First, I want to acknowledge my privilege as a white woman in America today. I usually don't have to worry about interactions with the police or jogging in a neighborhood. For the most part, I am free to do any of those things without thinking that something could go very wrong. I don't worry about being called a racial slur when I am out with friends. I don't worry about store employees looking at me differently because of the color of my skin. I don't have to worry about any of that.
Now, the real issue. Church leaders need to step up, they need to be vocal about what happened to George Floyd. The Bible is very clear when it comes to the injustices of the world. Proverbs 31:8 says to "speak up for those who cannot speak for themselves; ensure justice for those being crushed" and Isaiah 1:17 tells us to "learn to do good. Seek justice. Help the oppressed. Defend the cause of orphans. Fight for the rights of widows."

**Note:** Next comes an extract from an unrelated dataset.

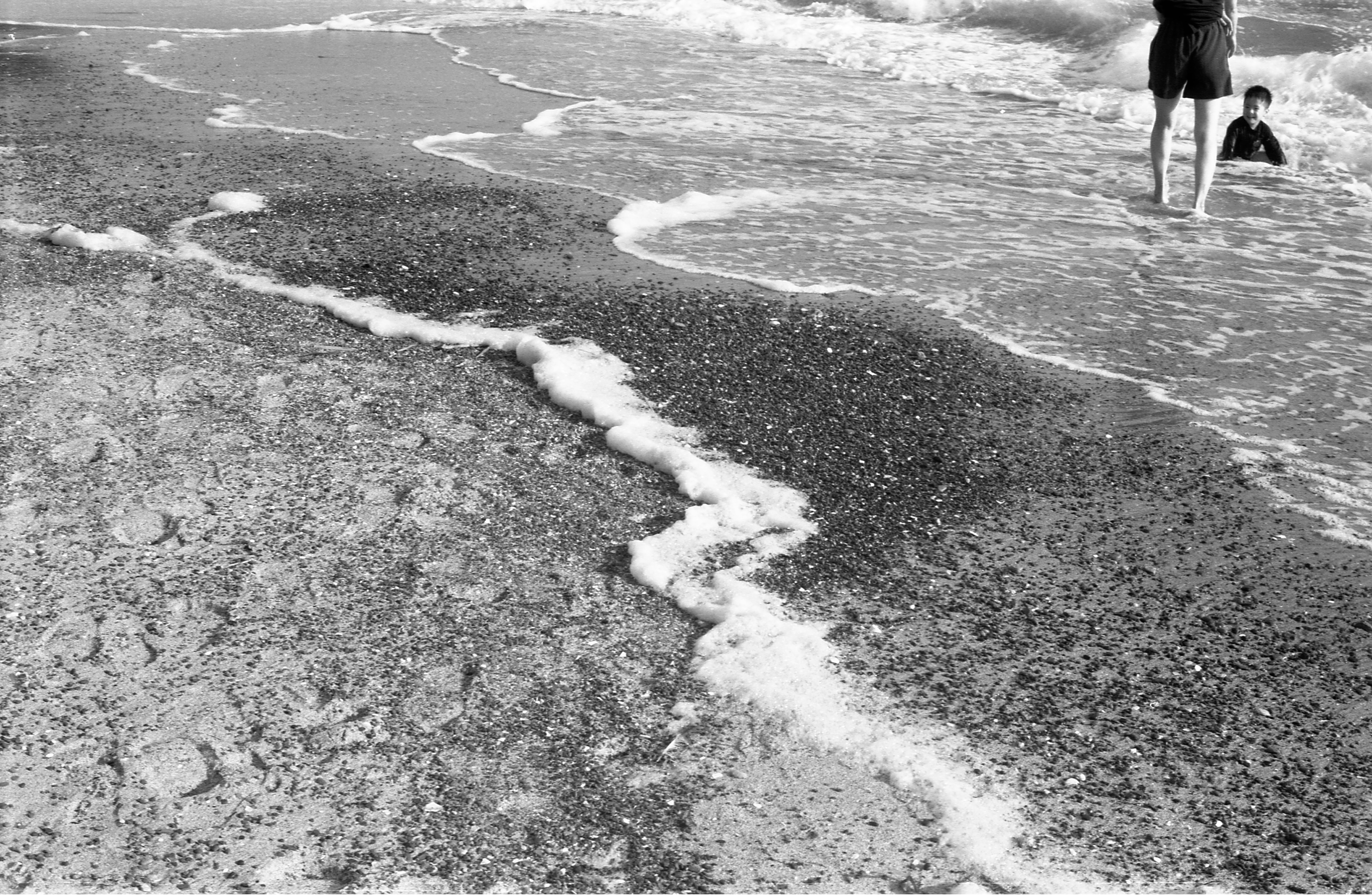 orang berjalan di sepanjang pantai berpasir dengan ombak berbusa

Some pastors will argue that it is wise to not speak, and on some level, I agree with them. It is wise to take some time, compose your thoughts — and then speak on those matters.
It is Biblical to stand against oppression and injustice, and if you speaking on it ruffles some feathers, good. It should do that.
I have been blessed with a wonderful church and wonderful leaders within my church who have spoken out against racial injustices, who have mourned and prayed and stood with members of the black community, they have loved and supported them.
I have been blessed with a diverse church and a pastor who speaks on injustices.
If your church leaders haven't, maybe it's time to find a new church.